Fig. 4. Colocalization of myeloid cells and T cells.

A Correlation plot of T- and myeloid cell subsets showing a distinct correlation between the T-cell:IFIT1 and Mø2:CXCL10 (macrophage 2:CXCL10) subsets across all patients. B Enrichment (green) and depletion (red) of subsets of T- and myeloid cells in each expression-based cluster, highlighting the presence of the correlated cell types T-cell:IFIT1 subset and Mø2 within cluster 4 of patient G (pGc4). C Proportion estimates for T-cell:IFIT1 subset and Mø2 in pGc4. D Pathways enriched by marker genes for pGc4, type I interferon signaling pathways are highlighted in red. Intersection size is equivalent to the number of overlapping terms between pGc4 marker genes and the given pathway. E Spot-wise enrichment of a type I interferon signaling pathway (GO:0060337) visualized on patient G, the p values which the enrichment scores are based on were computed using a two-sided Fisher’s exact test (Methods), no adjustment for multiple hypothesis testing was applied since a single hypothesis is tested in each spot (enriched or not enriched).

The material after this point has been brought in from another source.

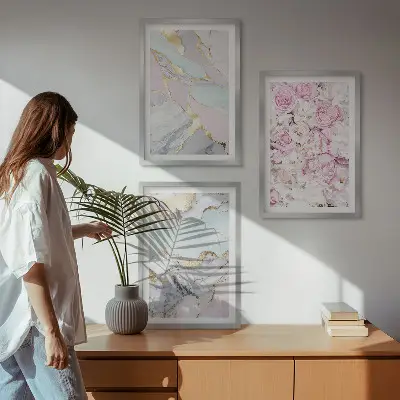 Lot de 3 tableaux pour salon avec motif fleurs roses et rendu marbré pastel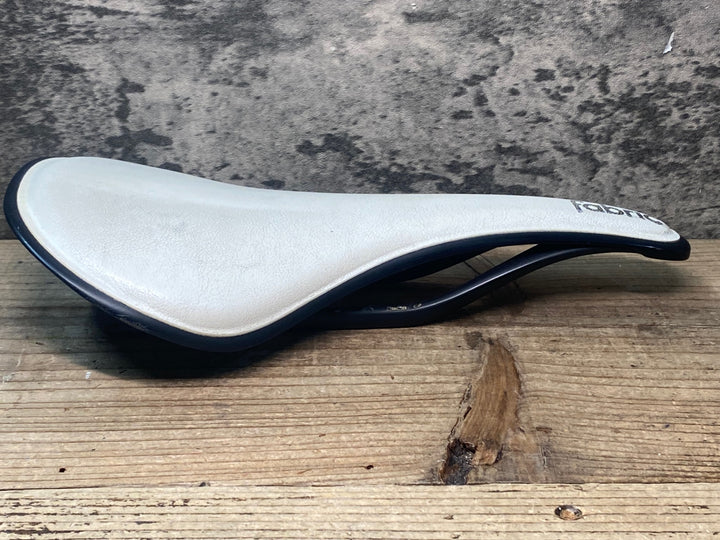 JO921 ファブリック FABRIC エアバス AIRBUS ALM サドル カーボンレール 白 実測140mm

Fig. 5. Inference and prediction of tertiary lymphoid-like Structures.

A Proportion estimate of B and T cells together with the computed TLS score (tertiary lymphoid structure) for patients G and H, annotated Hematoxylin and Eosin (HE) images are included for reference. B Rank-plot (coefficient value vs. rank) of the fitted model, genes included in the TLS signature are indicated by red; the zoom-in (*) shows the rank TLS-associated genes. C Top 15 pathways of which the TLS signature showed enrichment of, ranked according to the adjusted p value (as provided by g:Profiler). D Predicted TLS score for the 10x Genomics^TM Visium breast cancer data set, using the model trained on patient G and H. Pathologist’s annotation for likely TLS-sites (red) are included as a reference. Scale bars represent 1000 μm.